Me in my Tam O Shanter from when I was a part-time soldier (photo: James Kemp)

Bonny Mary O’ Argyll is a song I remember being sung at (grown-up) parties when I was growing up. I also remember singing it with gusto from the back of army four tonners when I went on exercise with 207 Battery RA, AKA the Glasgow gunners.

Some years ago I spent ages years ago trying to find all the words, to no avail. However a more recent search showed loads of videos. It seems that filming your old army pals singing it in the pub has become a thing, so I was able to decipher some of the words from a bunch of Arglls veterans on youtube!

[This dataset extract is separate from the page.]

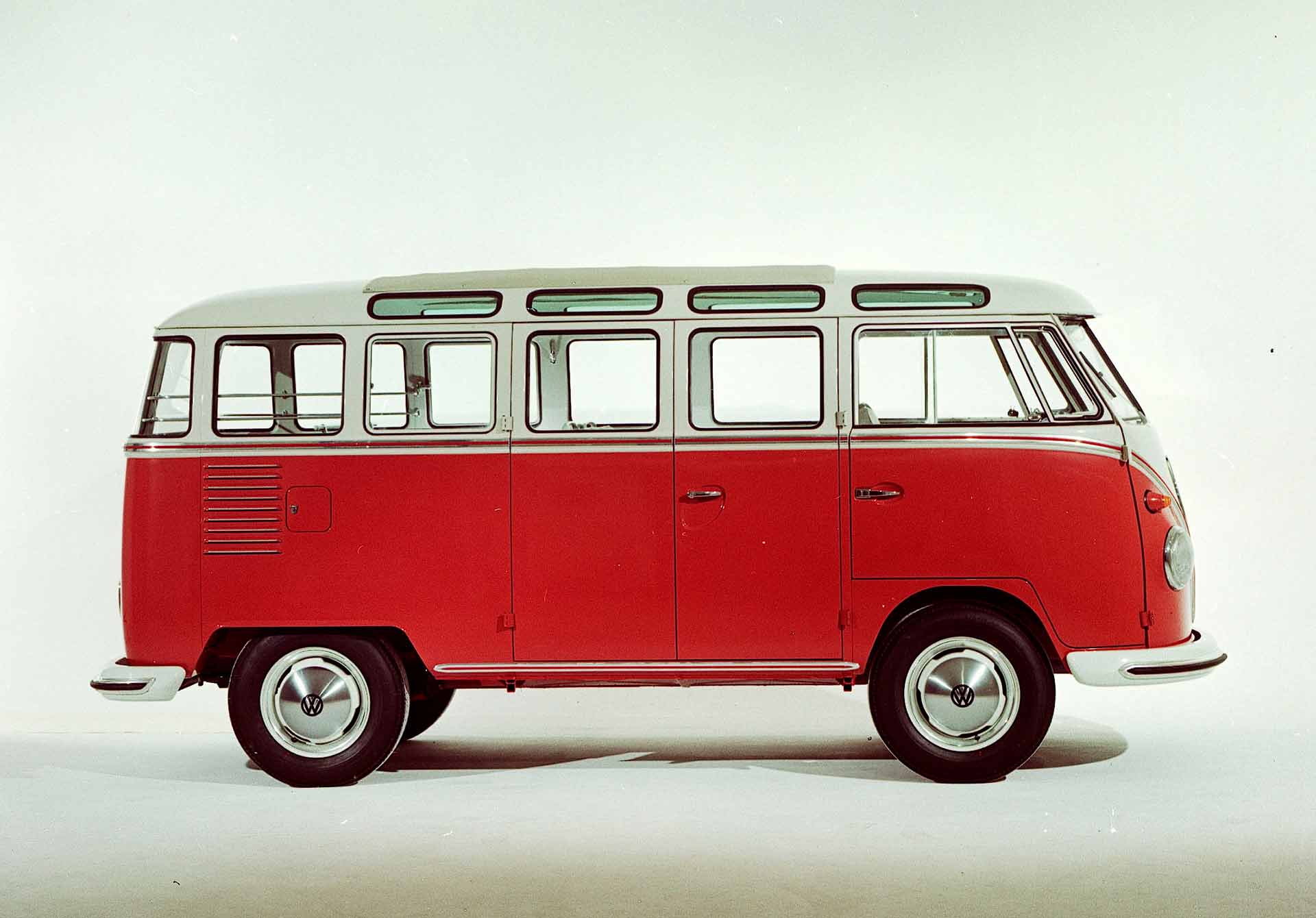 VW Type 2 Microbus Deluxe “Samba”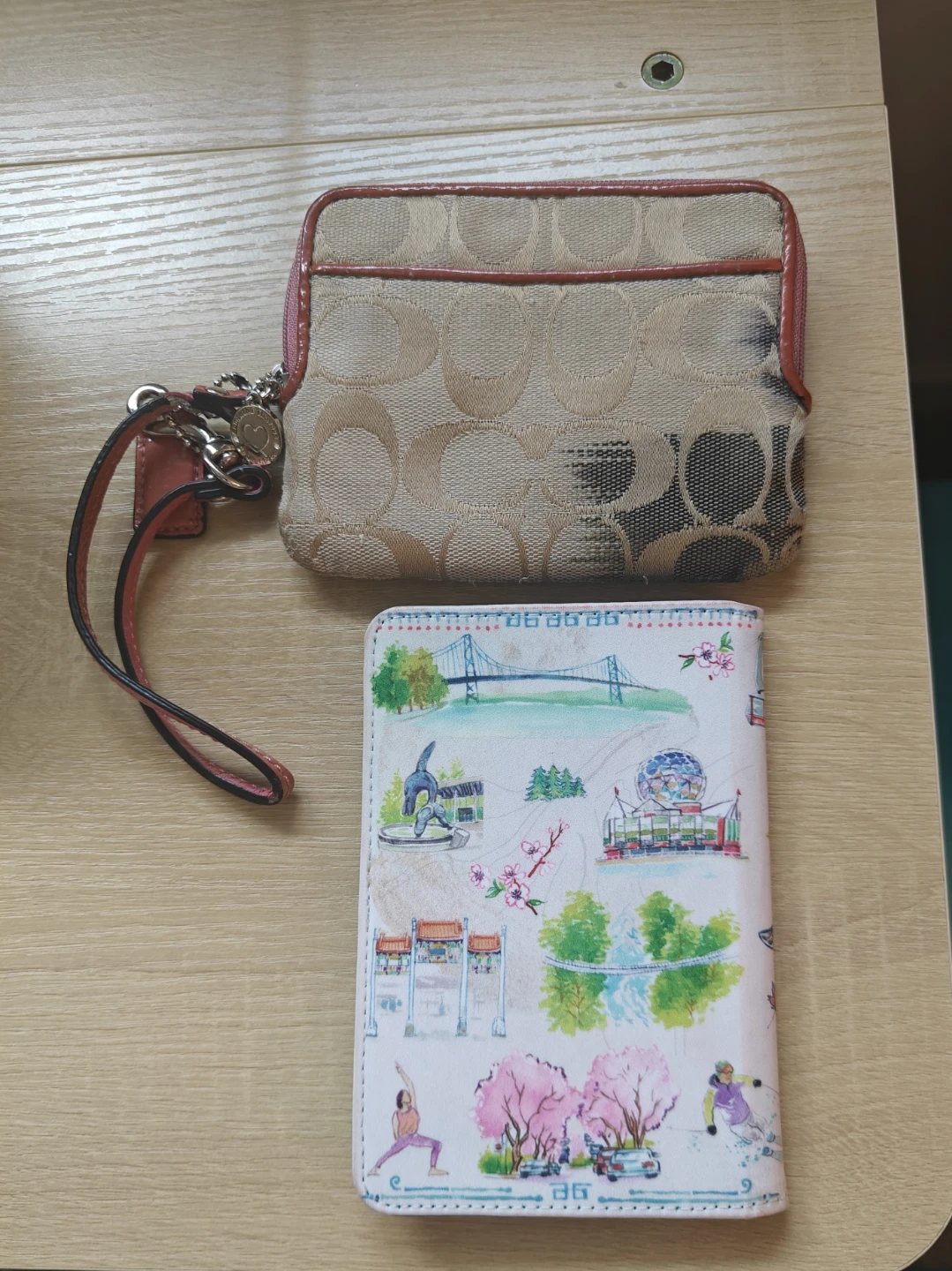 Coach wristlet and Artwings passport holder set - photo 3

There’s another traditional folk song also called Bonny Mary O’ Argyll. However this version seems to have started with the Highland Light Infantry who had their depot in Maryhill Barracks. It seems to have spread to other regiments in the 1950s and 1960s. I guess national service also brought it back to civilians, because most of the people in my parents generation knew it when I was growing up in the 1970s and early 1980s.

More Verses

I recall there being a couple more verses to Bonny Mary, and from watching several youtube videos there are variations depending on who is singing it. So if you know any different verses for Bonny Mary O’ Argyll please share them in the comments.

Anyway, here is the video that I used to help me remember the lyrics to Bonny Mary O’ Argyll. It’s short and raucous, a load of ex-soldiers (from the Argyll and Sutherland Highlanders who have adopted it as their regimental song) singing in the pub!

Bonny Mary O’ Argyll

Hey you the wee man with the big stick in your hand,
won’t you play me a simple melody
to remind me of the girl I left behind me,
won’t you play a simple melody

Oh I’m coming back Bonny Mary,
I’m coming back to you–
I’m coming back to good old summer town
where the bagpipes are playing auld lang syne
I know she will be waiting to see me with a smile

Oh We’ll roam the hills together,
among the purple heather,
Bonny Mary O Argyll.

Now we held a grand procession and marched before the Queen.
Ten thousand kilted warriors the likes of which you’d never seen.
at first they thought we were Zulus from land beyond the Nile
until they heard us singing Bonny Mary o’ Argyll,

Oh we’re all Scotsmen, everyone’s a Scotsman!
Buffalo Bill fae Maryhill, never worked and never will.
Aye man, believe it if you can,
we’re the hielan jocks wi’ tartan socks, Scotsman everyone!